[Start of section]
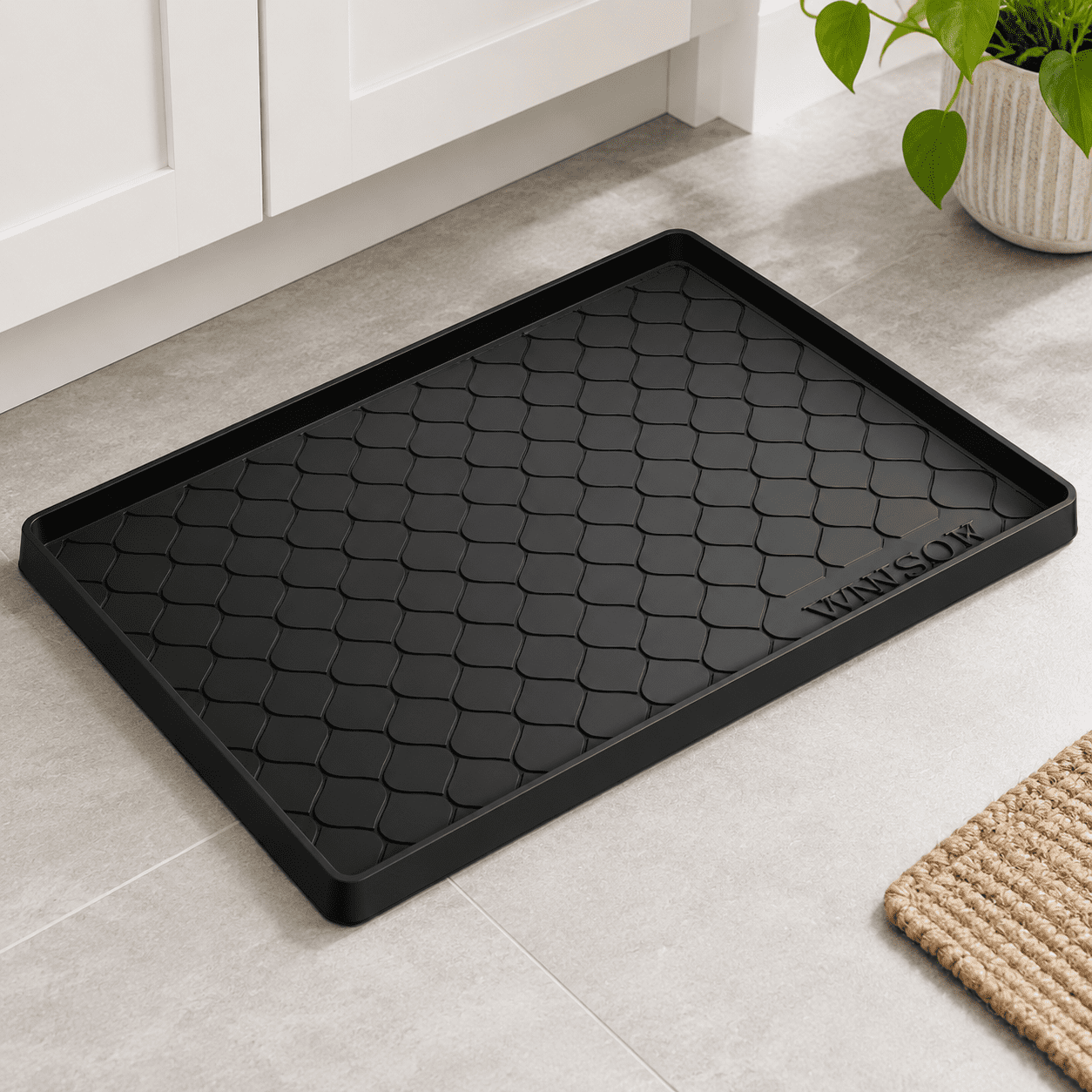 Under Sink Mat, Black, 22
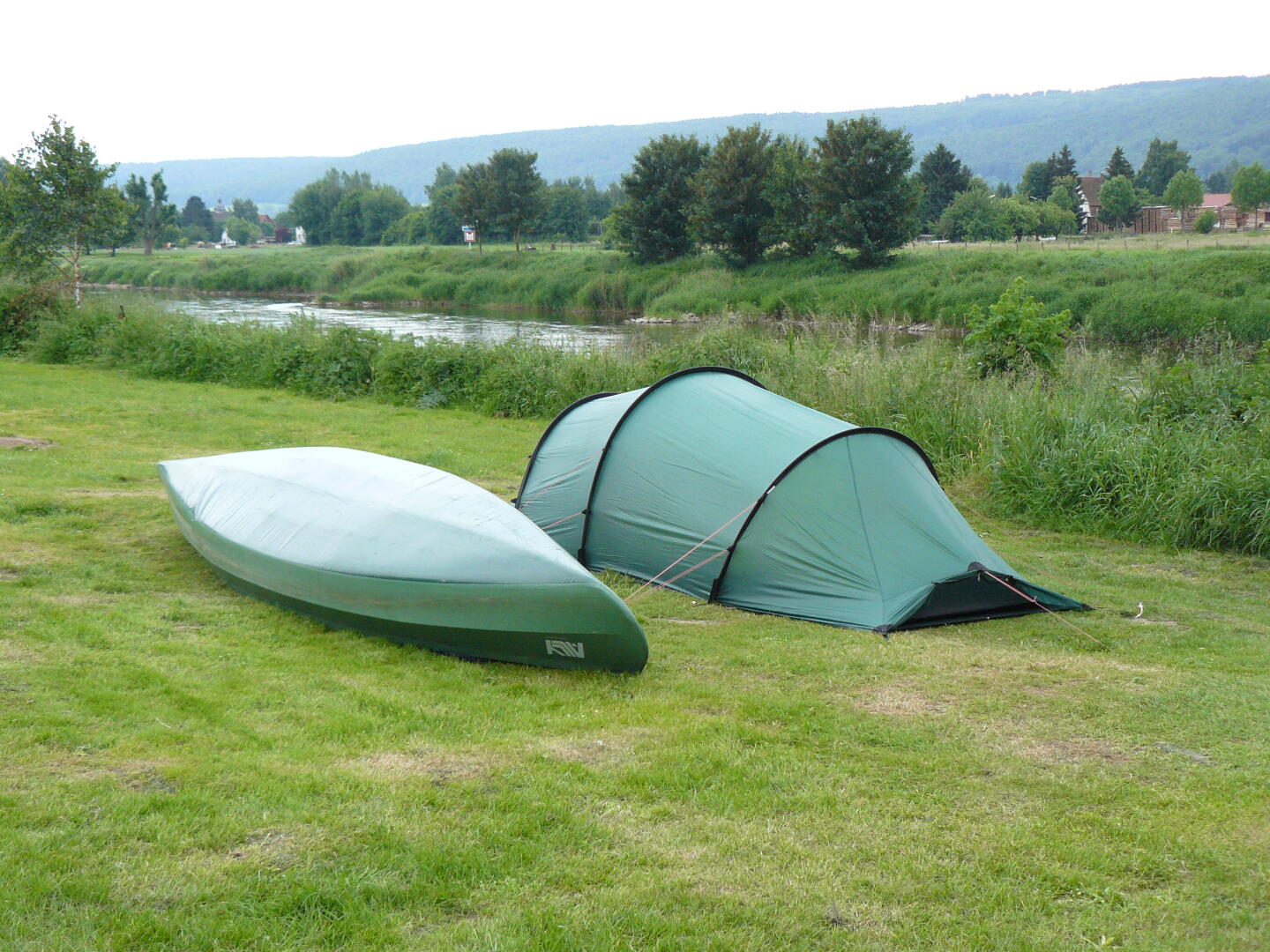 Campingplatz in Hemeln.
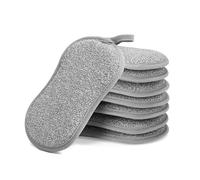 Zaxiva Eponges Vaisselles, Eponge Spontex Anti-Rayures de Cuisine Polyvalente, Eponge Reutilisable Lavable Microfibre, Convient pour évier, Bassin et Plus, avec 2 Côtés Puissants, Lot de 8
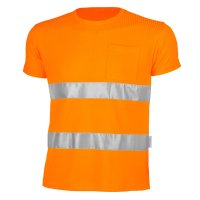 Qualitex T-Shirt "signal", Größe: 3XL, Farbe: warnorange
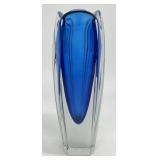 Usva Art Glass Vase Signed Nuutajärvi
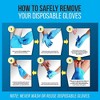 SereneLife Nitrile Disposable Gloves - XL Size - 10 packs of 100 Count - Blue - 4 of 4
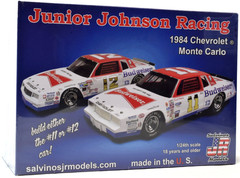 Salvinos JR Models “Budweiser” JJ Racing 1984 Chevy Monte Carlo 1/24 Model Kit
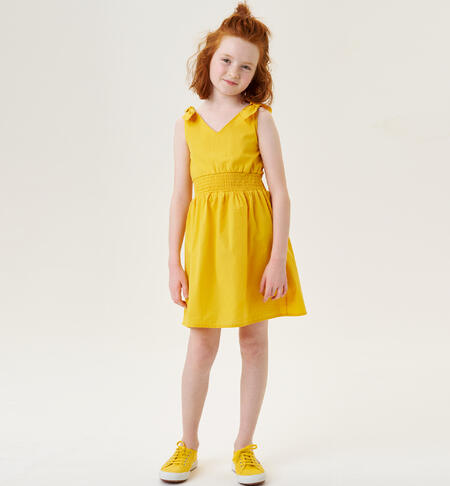 Girl's yellow dress YELLOW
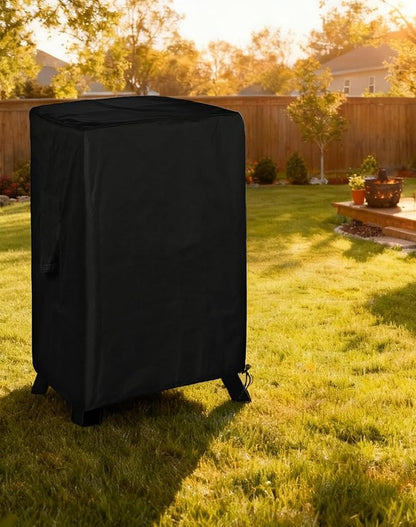 SheeChung Fire Pit Cover for Panovue Metal Chiminea Fire Pit,Heavy Duty 600D Outdoor Fireplace Protection for Wood Burning Fire Pits,Waterproof Electric Smoker/BBQ Smoker Grill Covers,32"Lx23"Wx40"H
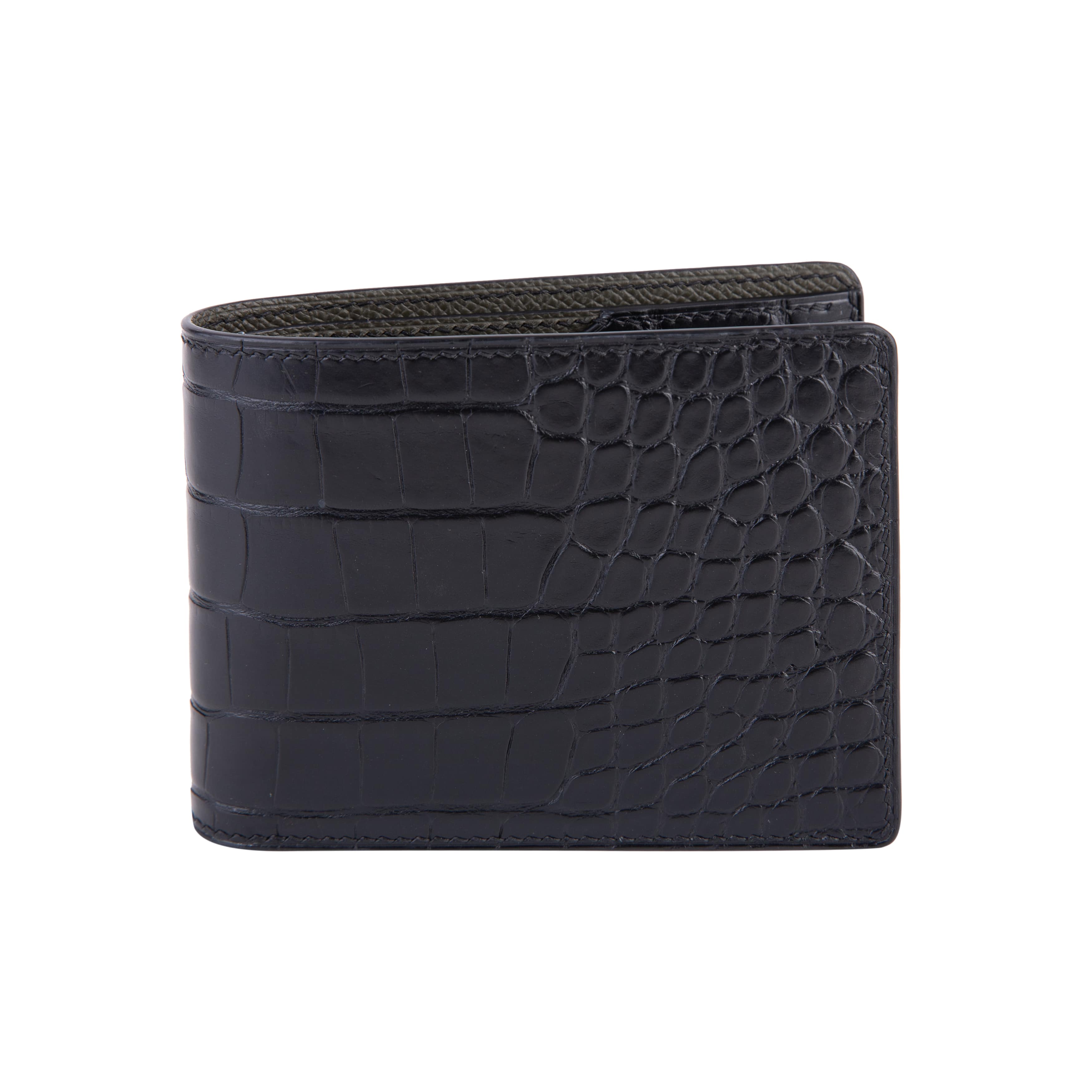 Ví nam da cá sấu lớn quý phái BSB Leather Đen BSB1081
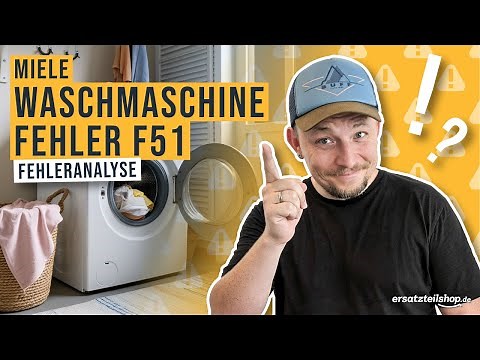 Miele Waschmaschine F51 Fehler in 3 Minuten SELBST beheben!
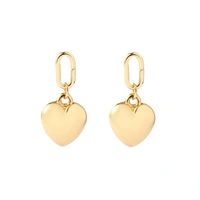 Hanging Heart Gold Earring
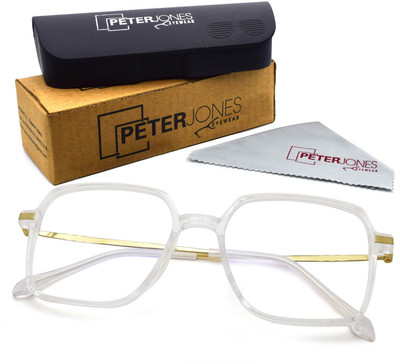 PETER JONES Full Rim Square Frame(54 mm)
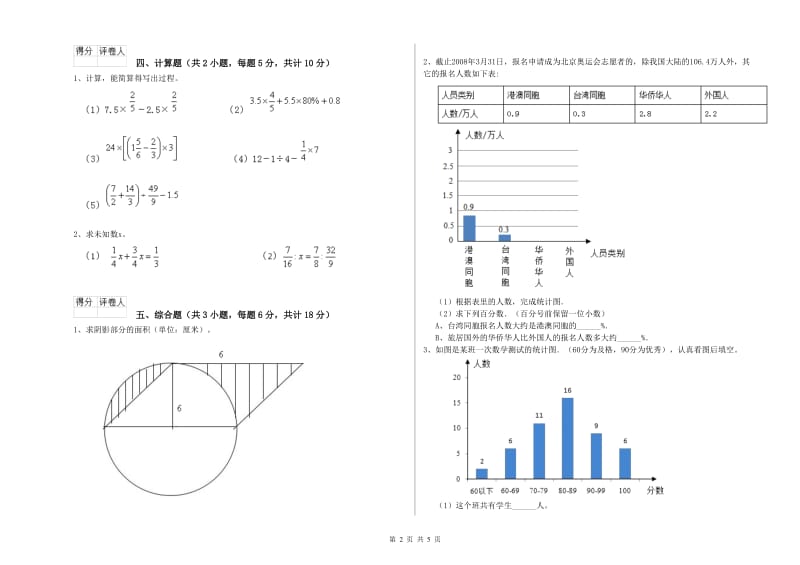 贵州省2020年小升初数学能力检测试题C卷 含答案.doc_第2页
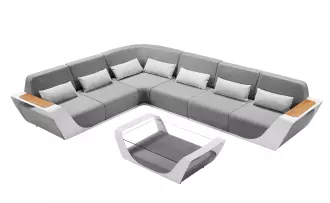 Zahradní 5 místná rohová souprava ONDA WHITE GREY Zahradní 5 místná rohová souprava ONDA WHITE GREY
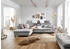 DIE PLANBAR Ecksofa MP-IN14007 L-Form mit Bettfunktion und verstellbaren Kopfstützen, Cord grey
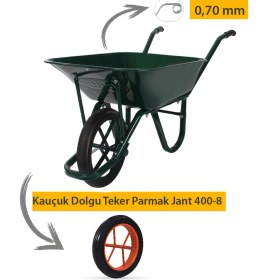 Resim Kanat Toros Afrika Kauçuk Dolgu Parmak Jant Teker Demonte El Arabası 0.70 mm Sac 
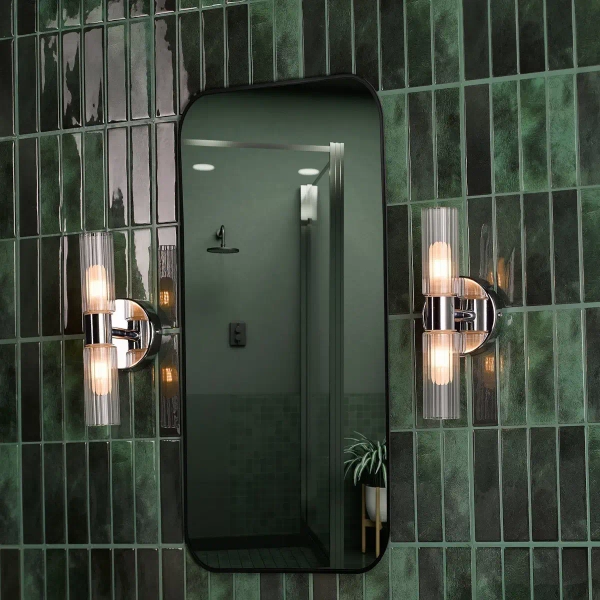 Ścienny kinkiet łazienkowy Bolton BOL0950 góra-dół IP44 chrom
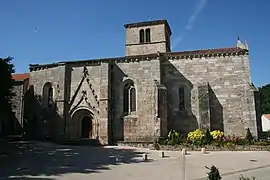 The church in Saint Paul-en-Pareds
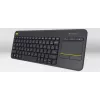 LOGITECH Wireless Touch Keyboard K400 Plus - musta - Qwerty hollanti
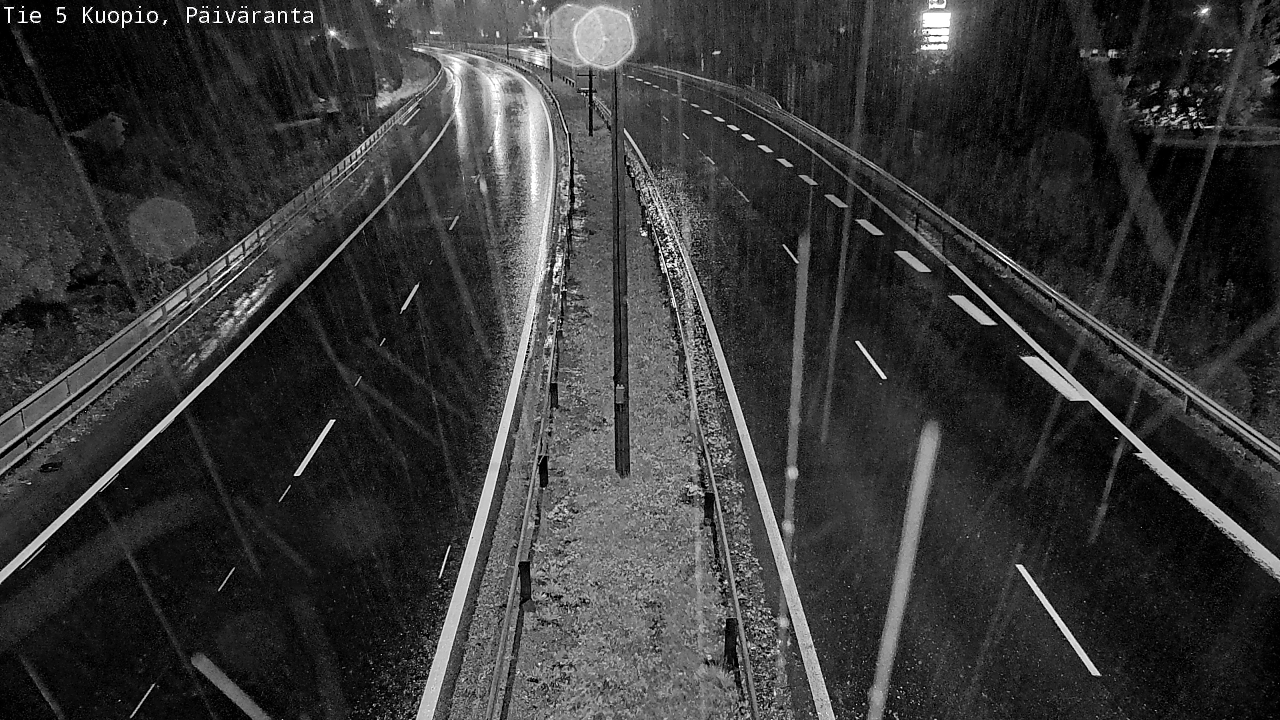 Weather Camera Image Väg 5 Kuopio, Päiväranta, Kuopio, Pohjois-Savo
[End of section]
▶ _What to produce_
The response is to contain exactly the lines from the beginning of the data through the line containing "Zahradní 5 místná rohová souprava ONDA WHITE GREY Zahradní", both ends included, and nothing else; omit the pictures.

▶ _Solution below_
 Under Sink Mat, Black, 22
 Campingplatz in Hemeln.
 Zaxiva Eponges Vaisselles, Eponge Spontex Anti-Rayures de Cuisine Polyvalente, Eponge Reutilisable Lavable Microfibre, Convient pour évier, Bassin et Plus, avec 2 Côtés Puissants, Lot de 8
 Qualitex T-Shirt "signal", Größe: 3XL, Farbe: warnorange
 Usva Art Glass Vase Signed Nuutajärvi
 SereneLife Nitrile Disposable Gloves - XL Size - 10 packs of 100 Count - Blue - 4 of 4
 Salvinos JR Models “Budweiser” JJ Racing 1984 Chevy Monte Carlo 1/24 Model Kit
 Girl's yellow dress YELLOW
 SheeChung Fire Pit Cover for Panovue Metal Chiminea Fire Pit,Heavy Duty 600D Outdoor Fireplace Protection for Wood Burning Fire Pits,Waterproof Electric Smoker/BBQ Smoker Grill Covers,32"Lx23"Wx40"H
 Ví nam da cá sấu lớn quý phái BSB Leather Đen BSB1081
 Miele Waschmaschine F51 Fehler in 3 Minuten SELBST beheben!
 Hanging Heart Gold Earring
 PETER JONES Full Rim Square Frame(54 mm)
 贵州省2020年小升初数学能力检测试题C卷 含答案.doc_第2页
 Zahradní 5 místná rohová souprava ONDA WHITE GREY Zahradní 5 místná rohová souprava ONDA WHITE GREY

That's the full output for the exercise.